## What the task requires
Here is the task for the listing below: output exactly the lines from the one containing "ESET Server Security Quarantena ESET" through the one containing "Glowing Lights Abstract", and leave out the pictures.

## Data for analysis
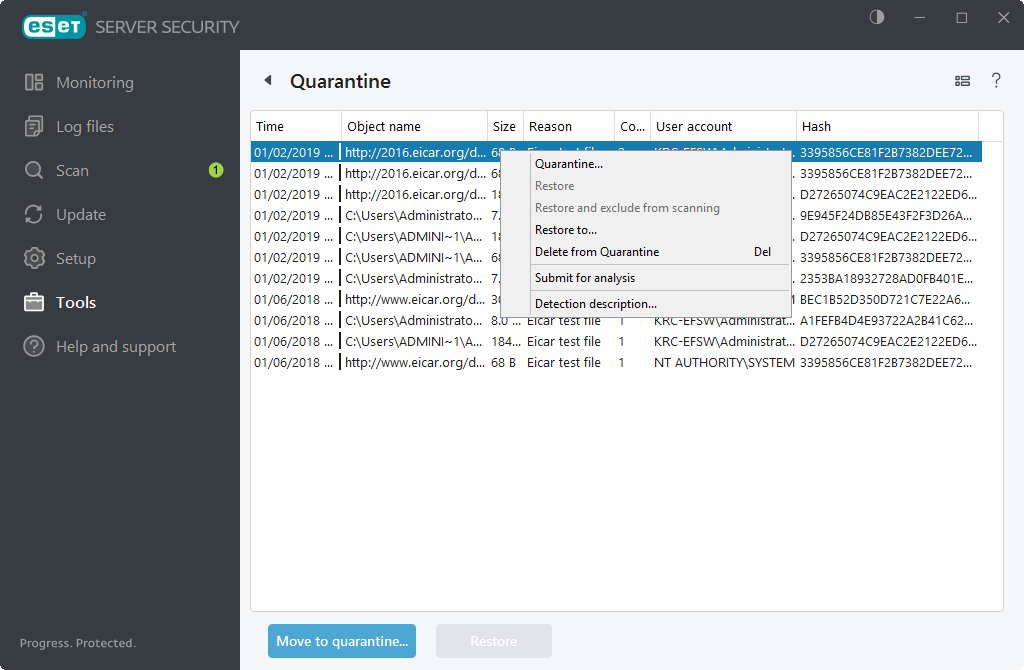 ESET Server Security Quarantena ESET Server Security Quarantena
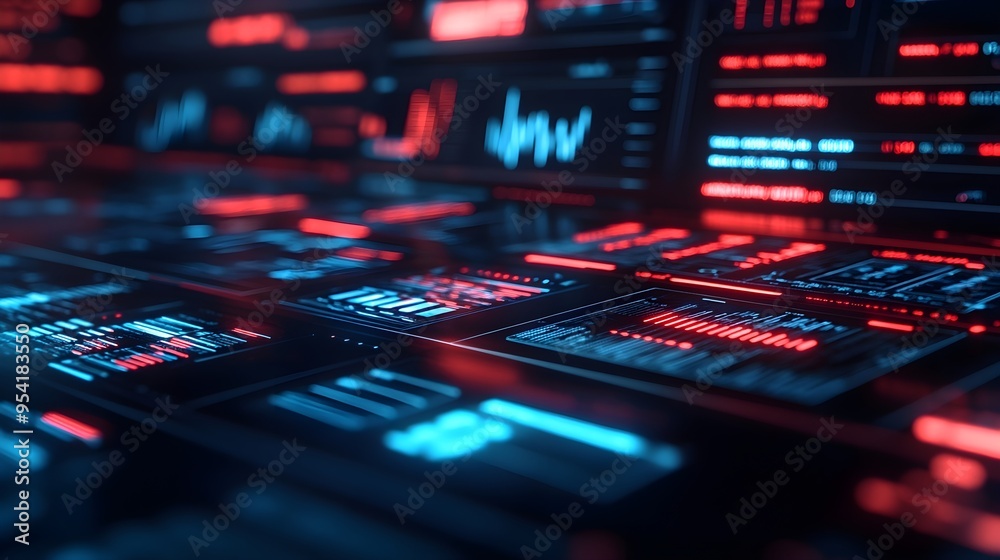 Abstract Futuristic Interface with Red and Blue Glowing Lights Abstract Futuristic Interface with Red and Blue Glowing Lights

==

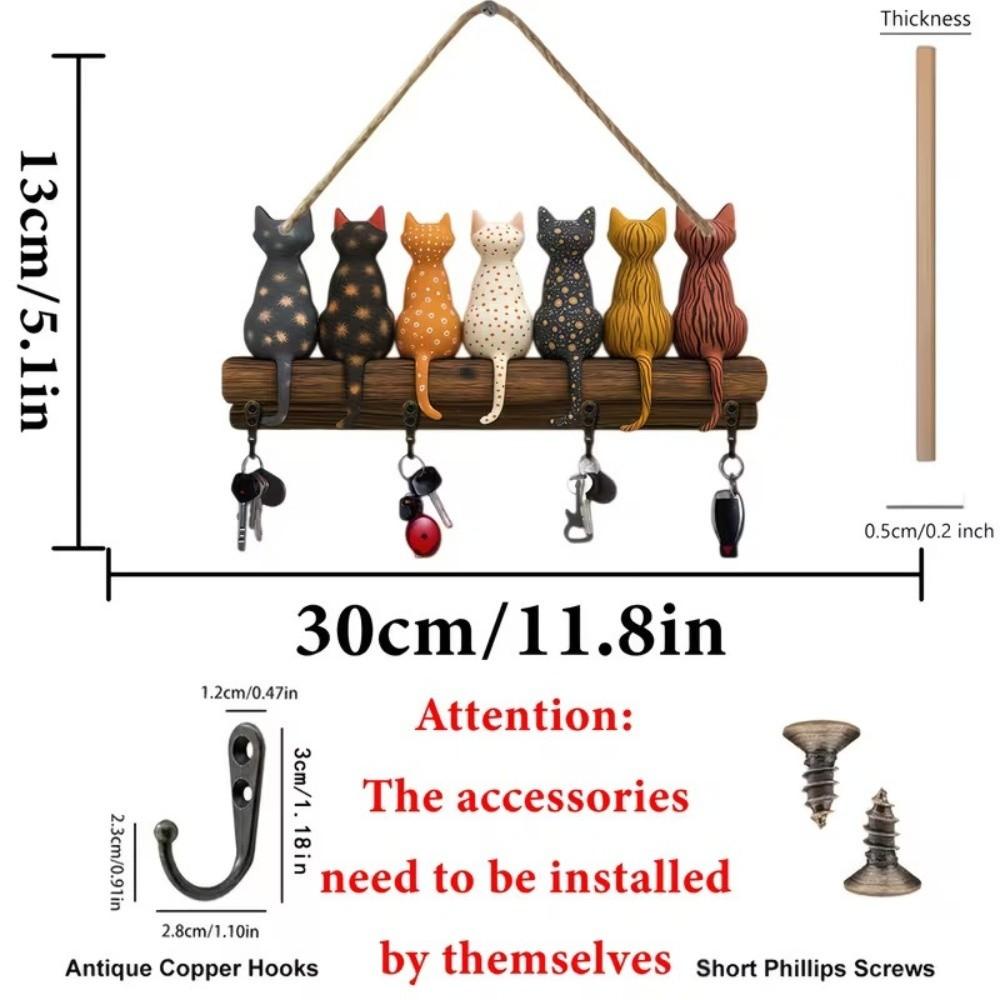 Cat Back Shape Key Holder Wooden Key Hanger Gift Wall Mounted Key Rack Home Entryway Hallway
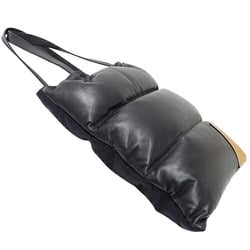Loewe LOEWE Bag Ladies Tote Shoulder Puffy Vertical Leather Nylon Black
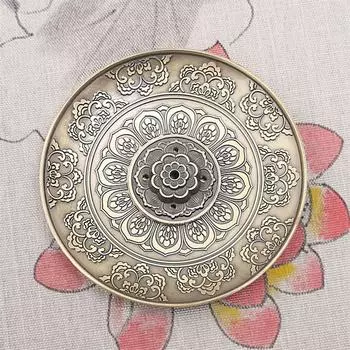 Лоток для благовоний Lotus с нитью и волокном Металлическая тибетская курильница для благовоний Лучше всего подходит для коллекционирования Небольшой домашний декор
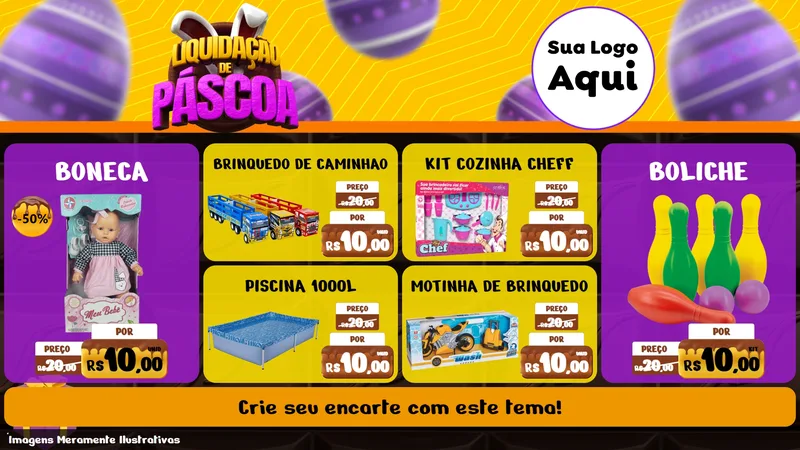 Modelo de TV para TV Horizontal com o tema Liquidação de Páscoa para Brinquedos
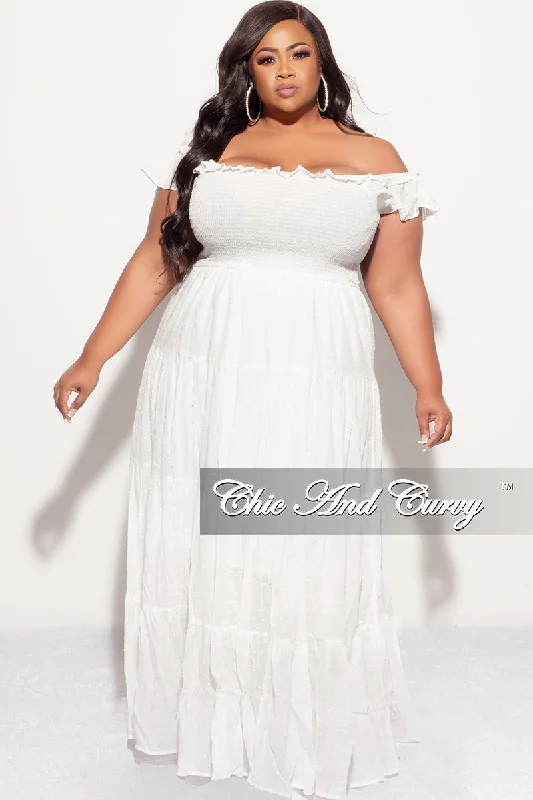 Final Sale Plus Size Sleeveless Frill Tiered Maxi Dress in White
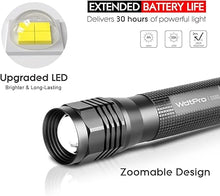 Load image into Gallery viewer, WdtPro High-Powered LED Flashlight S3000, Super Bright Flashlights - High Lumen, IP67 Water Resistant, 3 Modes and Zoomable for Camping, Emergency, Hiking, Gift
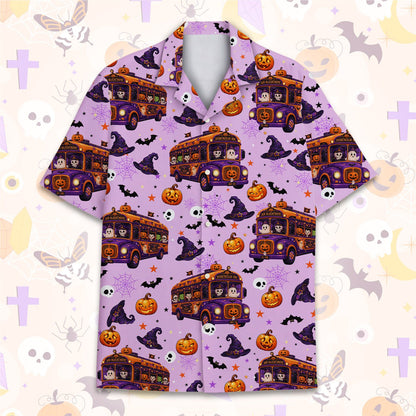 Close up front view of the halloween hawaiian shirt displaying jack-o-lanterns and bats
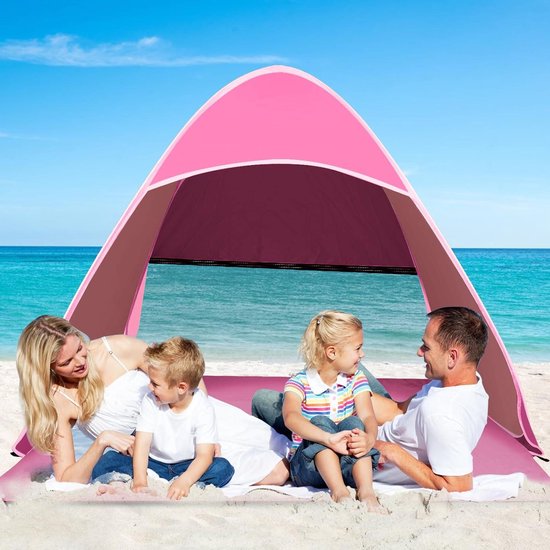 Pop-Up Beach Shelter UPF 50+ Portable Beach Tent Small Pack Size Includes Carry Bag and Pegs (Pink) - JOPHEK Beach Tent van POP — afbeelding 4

==

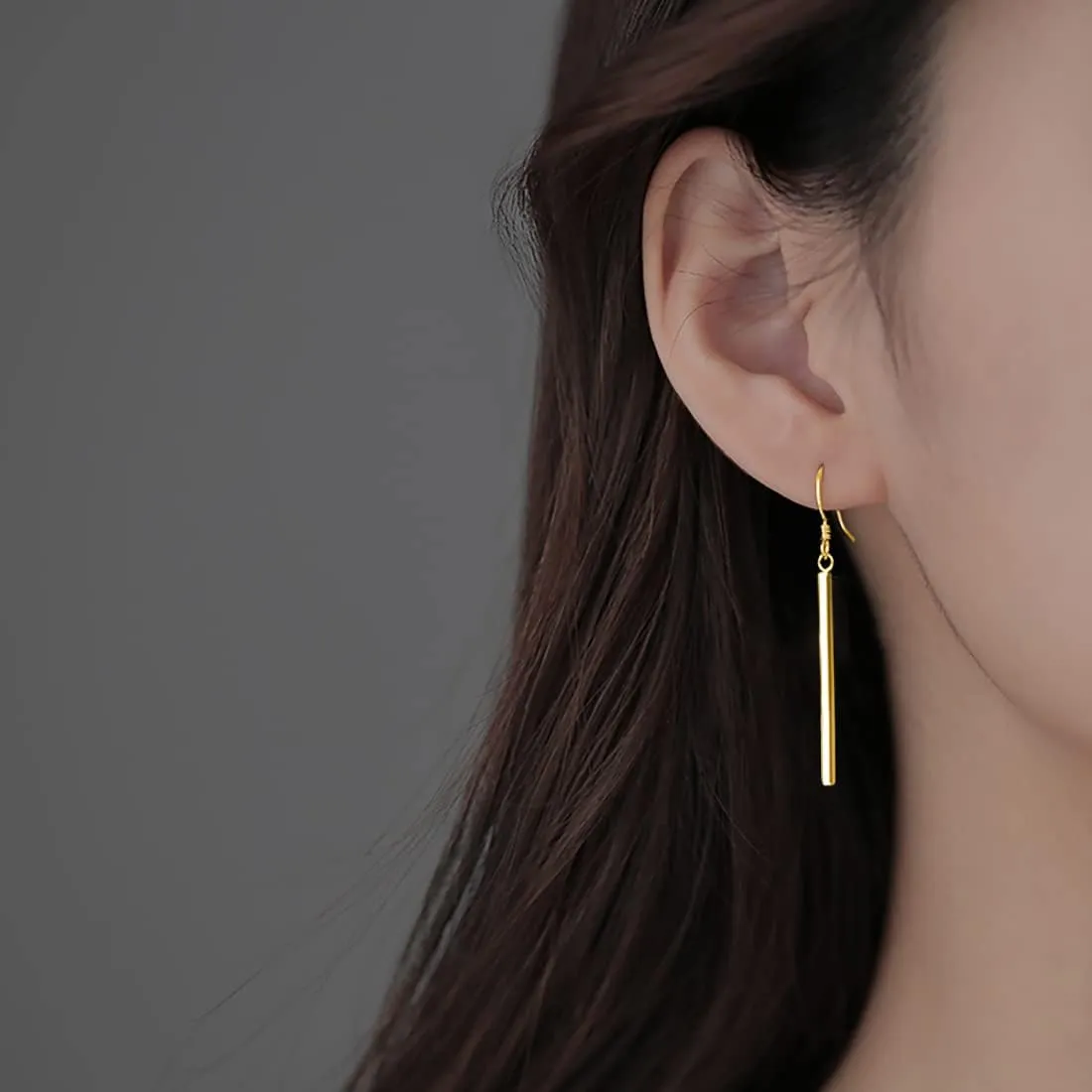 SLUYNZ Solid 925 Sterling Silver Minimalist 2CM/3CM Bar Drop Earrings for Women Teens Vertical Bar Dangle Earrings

## Task result
 ESET Server Security Quarantena ESET Server Security Quarantena
 Abstract Futuristic Interface with Red and Blue Glowing Lights Abstract Futuristic Interface with Red and Blue Glowing Lights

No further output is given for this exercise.